___ Input
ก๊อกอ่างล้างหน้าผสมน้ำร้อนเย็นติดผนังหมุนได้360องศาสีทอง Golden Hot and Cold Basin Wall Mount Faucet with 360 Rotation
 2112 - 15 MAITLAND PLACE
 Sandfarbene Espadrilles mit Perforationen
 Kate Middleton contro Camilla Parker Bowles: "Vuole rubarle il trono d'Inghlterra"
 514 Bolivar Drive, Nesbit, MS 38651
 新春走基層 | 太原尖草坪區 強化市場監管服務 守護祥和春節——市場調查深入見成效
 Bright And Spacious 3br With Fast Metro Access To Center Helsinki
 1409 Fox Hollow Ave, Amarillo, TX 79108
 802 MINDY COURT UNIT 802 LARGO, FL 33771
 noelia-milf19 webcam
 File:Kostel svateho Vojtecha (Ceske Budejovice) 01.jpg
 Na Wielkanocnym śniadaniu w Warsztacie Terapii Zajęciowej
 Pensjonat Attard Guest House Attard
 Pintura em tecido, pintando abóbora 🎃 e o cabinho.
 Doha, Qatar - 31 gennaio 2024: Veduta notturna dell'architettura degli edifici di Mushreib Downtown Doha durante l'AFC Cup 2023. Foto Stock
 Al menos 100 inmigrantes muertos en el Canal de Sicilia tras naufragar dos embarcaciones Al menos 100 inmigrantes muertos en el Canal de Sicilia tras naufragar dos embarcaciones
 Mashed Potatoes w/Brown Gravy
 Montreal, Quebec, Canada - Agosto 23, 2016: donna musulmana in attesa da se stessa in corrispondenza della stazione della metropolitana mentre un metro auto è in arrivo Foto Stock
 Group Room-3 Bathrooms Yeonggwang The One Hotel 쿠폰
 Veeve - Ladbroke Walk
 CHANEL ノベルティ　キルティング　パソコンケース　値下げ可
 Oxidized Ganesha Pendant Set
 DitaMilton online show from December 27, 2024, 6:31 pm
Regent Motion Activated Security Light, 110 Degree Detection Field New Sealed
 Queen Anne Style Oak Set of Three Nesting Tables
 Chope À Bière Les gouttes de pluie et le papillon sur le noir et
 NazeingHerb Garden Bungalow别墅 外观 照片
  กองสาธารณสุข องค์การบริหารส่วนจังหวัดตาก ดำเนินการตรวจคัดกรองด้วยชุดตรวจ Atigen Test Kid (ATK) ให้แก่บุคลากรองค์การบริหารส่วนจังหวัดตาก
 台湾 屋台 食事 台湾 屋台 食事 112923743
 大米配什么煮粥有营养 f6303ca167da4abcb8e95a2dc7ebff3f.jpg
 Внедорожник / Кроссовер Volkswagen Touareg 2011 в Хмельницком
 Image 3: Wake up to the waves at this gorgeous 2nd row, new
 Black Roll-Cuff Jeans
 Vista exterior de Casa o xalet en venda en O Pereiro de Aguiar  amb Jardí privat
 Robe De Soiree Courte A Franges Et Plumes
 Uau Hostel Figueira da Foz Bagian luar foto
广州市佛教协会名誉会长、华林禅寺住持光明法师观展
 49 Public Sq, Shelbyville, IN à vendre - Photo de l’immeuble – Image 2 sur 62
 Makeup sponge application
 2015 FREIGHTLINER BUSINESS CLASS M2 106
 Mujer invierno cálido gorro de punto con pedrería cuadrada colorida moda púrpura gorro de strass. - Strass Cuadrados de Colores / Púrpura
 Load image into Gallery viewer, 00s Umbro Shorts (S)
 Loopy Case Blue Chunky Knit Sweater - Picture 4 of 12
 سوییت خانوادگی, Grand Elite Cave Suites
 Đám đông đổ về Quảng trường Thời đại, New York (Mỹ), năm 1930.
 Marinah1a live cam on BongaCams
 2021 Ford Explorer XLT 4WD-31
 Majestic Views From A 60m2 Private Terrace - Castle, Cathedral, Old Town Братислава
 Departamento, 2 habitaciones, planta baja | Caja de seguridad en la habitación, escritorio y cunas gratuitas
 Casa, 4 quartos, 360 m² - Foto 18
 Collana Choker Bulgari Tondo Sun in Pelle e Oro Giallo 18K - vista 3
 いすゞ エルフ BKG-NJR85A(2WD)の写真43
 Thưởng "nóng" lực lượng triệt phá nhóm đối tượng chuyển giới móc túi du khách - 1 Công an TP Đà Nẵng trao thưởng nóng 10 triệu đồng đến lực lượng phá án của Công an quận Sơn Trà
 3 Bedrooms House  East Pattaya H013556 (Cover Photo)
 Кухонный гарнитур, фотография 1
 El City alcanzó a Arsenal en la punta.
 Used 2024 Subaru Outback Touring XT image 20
______
## [Exercise]
After locating the line with "Đám đông đổ" in the records above, please set down that line and all later ones exactly, and no other line.

## [Result]
 Đám đông đổ về Quảng trường Thời đại, New York (Mỹ), năm 1930.
 Marinah1a live cam on BongaCams
 2021 Ford Explorer XLT 4WD-31
 Majestic Views From A 60m2 Private Terrace - Castle, Cathedral, Old Town Братислава
 Departamento, 2 habitaciones, planta baja | Caja de seguridad en la habitación, escritorio y cunas gratuitas
 Casa, 4 quartos, 360 m² - Foto 18
 Collana Choker Bulgari Tondo Sun in Pelle e Oro Giallo 18K - vista 3
 いすゞ エルフ BKG-NJR85A(2WD)の写真43
 Thưởng "nóng" lực lượng triệt phá nhóm đối tượng chuyển giới móc túi du khách - 1 Công an TP Đà Nẵng trao thưởng nóng 10 triệu đồng đến lực lượng phá án của Công an quận Sơn Trà
 3 Bedrooms House  East Pattaya H013556 (Cover Photo)
 Кухонный гарнитур, фотография 1
 El City alcanzó a Arsenal en la punta.
 Used 2024 Subaru Outback Touring XT image 20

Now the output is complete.